As part of the run up to Christmas I thought I Would get a head of my baking. A perennial favourite of ours is Cantucci biscuits, dry Italian nut biscuits which are eaten with sweet wine as a dessert, though I prefer mine with an espresso coffee. Making Cantucci is very frugal as they can currently be bought online for up to £5.75 for 300g plus postage and packaging! Unless you actually reduce the ingredients to carbon you have to be ahead of the deal, fortunately this is pretty difficult to do as making Cantucci biscuits is pretty easy.

Cantucci biscuits as logs ready for the first bake

Cantucci biscuits originated from Prato in Italy and are twice baked biscuits, traditionally using almonds though I make mine with hazelnuts.

My recipe is easy and makes approximately a kilo of biscuits, you can substitute the hazelnuts for almonds (which is more traditional), walnuts or even pine nuts if you are feeling rich enough.

To make Cantucci you need

500g plain flour

250 g caster sugar

2 tbsp of baking powder (a modern addition but does help to keep an open structure to the biscuits)

3 eggs

! vanilla pod, seeds scraped

A good knob of butter

350g whole hazelnuts

2 tbsp Amaretto

Cantucci biscuit logs after the 1st bake

Before I get in to the method a quick word about Vanilla pods. Vanilla pods are expensive, but not as expensive as supermarkets would have you believe. That tearing sound that you hear when you buy Vanilla pods from a supermarket is the sound of you being ripped off. A better way of buying vanilla pods is from ebay, I’ve just looked and I can buy 20 pods including post and packaging for less than £4, that’s 20p each, not so expensive now!

Well on to the method

Preheat your oven to 180C /gas mark 4.

Pop the nuts onto a baking tray and roast for 15 mins, then rub the skins off in an old tea towel while warm, don’t worry if not all the skins come off. Leave to cool then roughly chop.

Cantucci biscuits after 2nd bake

Mix the flour with the baking powder, sugar and vanilla seeds . Separately  beat the eggs and add the Amaretto (do use Amaretto or some similar liqueur as it really adds to the flavour).  pour the egg mixture into the flour and mix until you get a soft dough, add the nuts.

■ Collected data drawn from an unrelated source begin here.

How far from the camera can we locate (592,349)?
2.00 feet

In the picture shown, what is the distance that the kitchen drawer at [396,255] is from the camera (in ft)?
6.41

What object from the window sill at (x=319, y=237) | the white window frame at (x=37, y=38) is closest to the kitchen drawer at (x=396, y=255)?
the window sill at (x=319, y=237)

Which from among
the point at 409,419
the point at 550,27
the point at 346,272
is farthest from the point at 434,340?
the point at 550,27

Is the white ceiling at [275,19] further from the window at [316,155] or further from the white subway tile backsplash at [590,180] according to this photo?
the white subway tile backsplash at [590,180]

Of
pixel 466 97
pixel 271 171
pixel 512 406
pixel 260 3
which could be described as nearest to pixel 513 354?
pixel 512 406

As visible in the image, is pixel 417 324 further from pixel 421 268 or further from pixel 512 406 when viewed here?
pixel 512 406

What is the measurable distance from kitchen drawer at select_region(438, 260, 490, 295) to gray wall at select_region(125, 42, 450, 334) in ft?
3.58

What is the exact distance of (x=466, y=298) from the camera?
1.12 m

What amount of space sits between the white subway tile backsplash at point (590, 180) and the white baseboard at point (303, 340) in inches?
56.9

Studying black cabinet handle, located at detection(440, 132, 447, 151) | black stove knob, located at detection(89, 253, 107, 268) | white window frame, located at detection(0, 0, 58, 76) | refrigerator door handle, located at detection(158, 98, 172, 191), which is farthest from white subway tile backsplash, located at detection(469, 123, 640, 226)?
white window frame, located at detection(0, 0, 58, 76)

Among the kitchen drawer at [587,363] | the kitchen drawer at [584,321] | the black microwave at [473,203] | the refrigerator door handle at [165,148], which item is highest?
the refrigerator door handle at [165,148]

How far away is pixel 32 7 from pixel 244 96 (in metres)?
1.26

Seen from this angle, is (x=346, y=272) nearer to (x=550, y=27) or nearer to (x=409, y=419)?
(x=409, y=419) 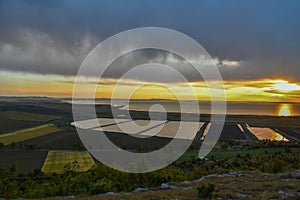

Form the dough into two logs about 25cm long. Line a baking tray with baking paper and smear liberally with butter. Place the logs on the paper and bake for 25 mins.

Remove and cool. When cool enough to handle slice the logs into 1.5cm slices with a bread knife., lay the pieces flat back onto to the baking parchment and bake again for another 15 mins, they are done when they are lightly browned.

Cool and store in an air tight container.

That’s it, they are really nice and make an impressively casual dessert with friends and family for  the minimum of faffing about in the kitchen. Let me know if you give them ago.